#### Exercise prompt:
Omit the pictures, but give back every entry below exactly as written.

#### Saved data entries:
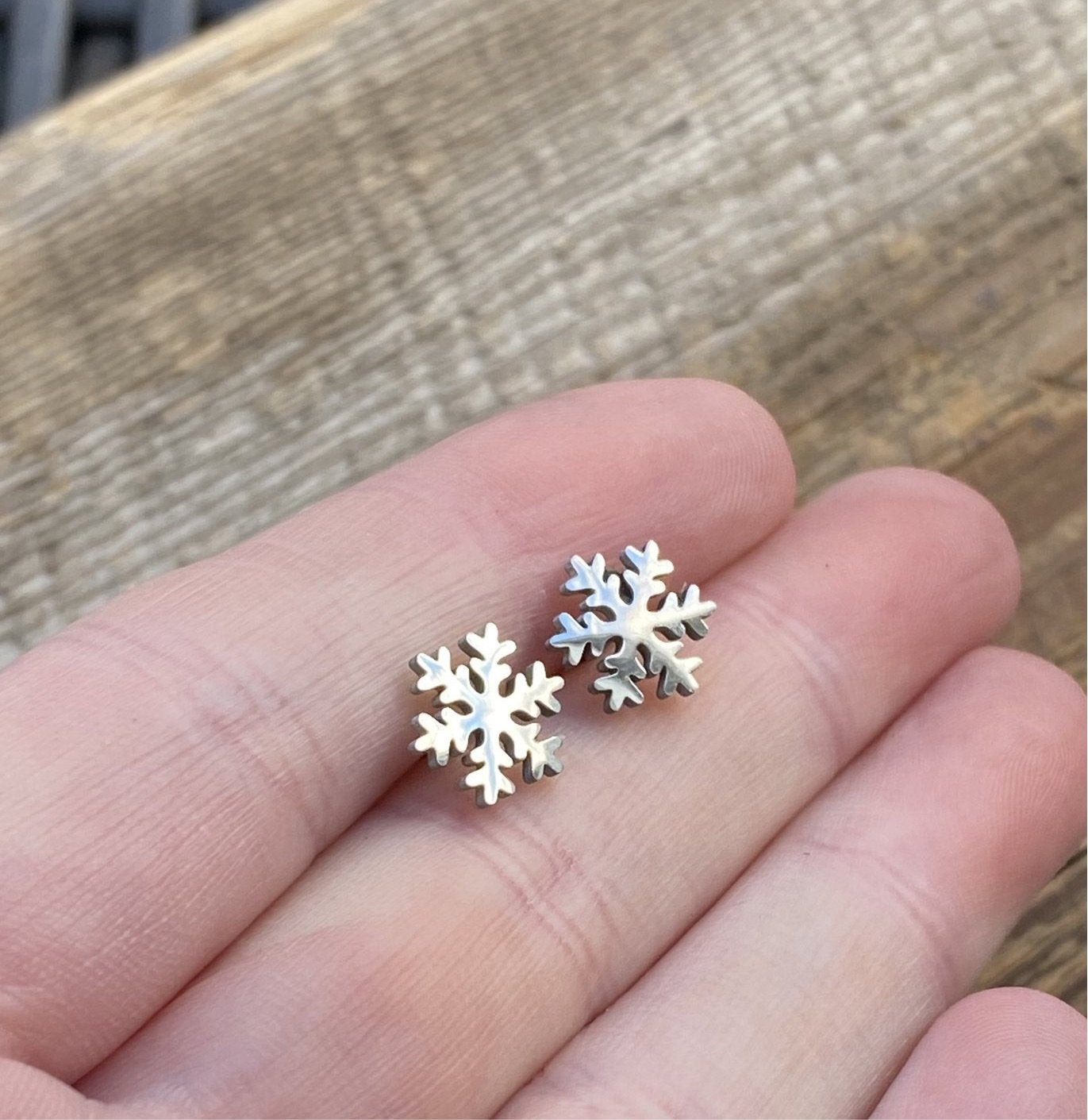 Stainless steel snowflake stud earrings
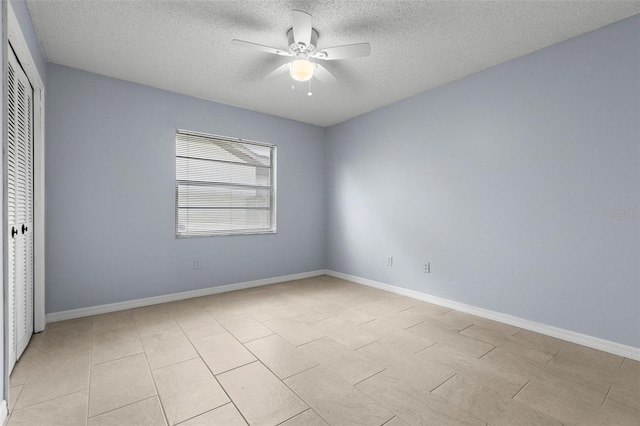14164 Fennsbury Dr, Tampa, FL 33624 - unfurnished bedroom with a closet, a textured ceiling, baseboards, and a ceiling fan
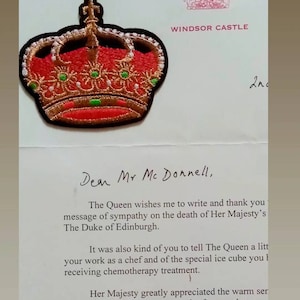May include: A handwritten letter from Windsor Castle with a red and gold embroidered crown on the top. The letter reads "Dear Mr Mc Donnell, The Queen wishes me to write and thank you message of sympathy on the death of Her Majesty's The Duke of Edinburgh. It was also kind of you to tell The Queen a little about your work as a chef and of the special ice cube you made for her while she was receiving chemotherapy treatment. Her Majesty greatly appreciated the warm sentiment and I am to thank you, once again, for your letter. Beautiful Yours sincerely"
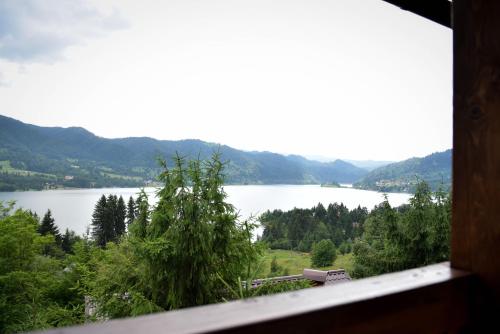 a view of a lake from a window at Casa Edy in Colibiţa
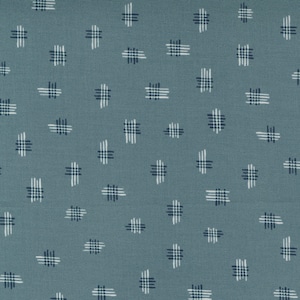 May include: A blue fabric with a white and dark blue checkered pattern.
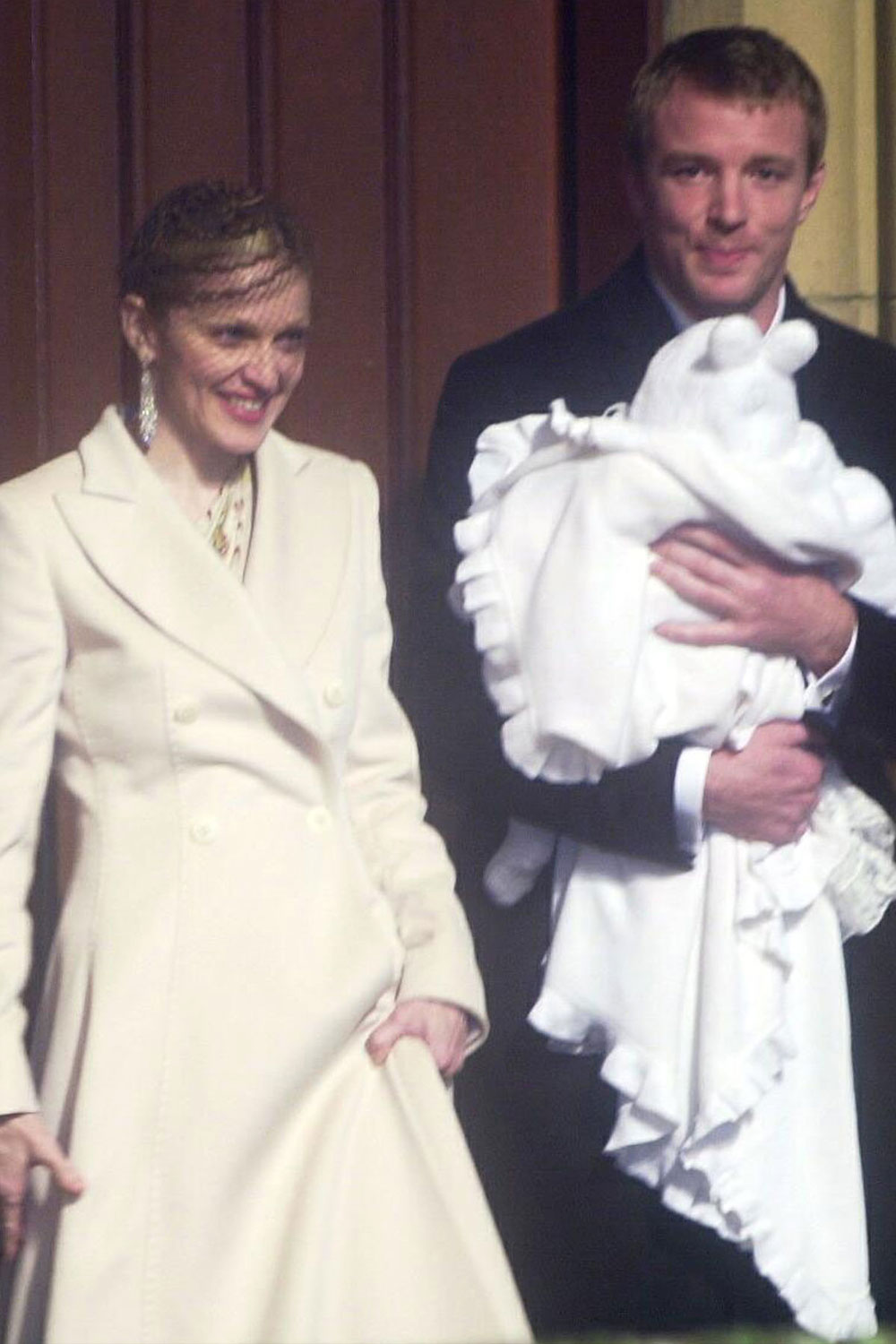 Madonna and Guy Ritchie at the baptism of son Rocco, Scotland, 2000.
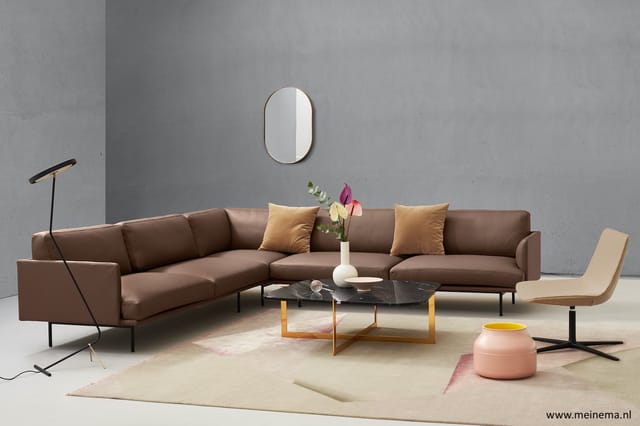 Bruine hoekbank met gouden kussens, zwarte marmeren salontafel met houten onderstel, beige fauteuil, staanlamp, roze poef en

#### Task answer:
 Stainless steel snowflake stud earrings
14164 Fennsbury Dr, Tampa, FL 33624 - unfurnished bedroom with a closet, a textured ceiling, baseboards, and a ceiling fan
May include: A handwritten letter from Windsor Castle with a red and gold embroidered crown on the top. The letter reads "Dear Mr Mc Donnell, The Queen wishes me to write and thank you message of sympathy on the death of Her Majesty's The Duke of Edinburgh. It was also kind of you to tell The Queen a little about your work as a chef and of the special ice cube you made for her while she was receiving chemotherapy treatment. Her Majesty greatly appreciated the warm sentiment and I am to thank you, once again, for your letter. Beautiful Yours sincerely"
 a view of a lake from a window at Casa Edy in Colibiţa
 May include: A blue fabric with a white and dark blue checkered pattern.
 Madonna and Guy Ritchie at the baptism of son Rocco, Scotland, 2000.
 Bruine hoekbank met gouden kussens, zwarte marmeren salontafel met houten onderstel, beige fauteuil, staanlamp, roze poef en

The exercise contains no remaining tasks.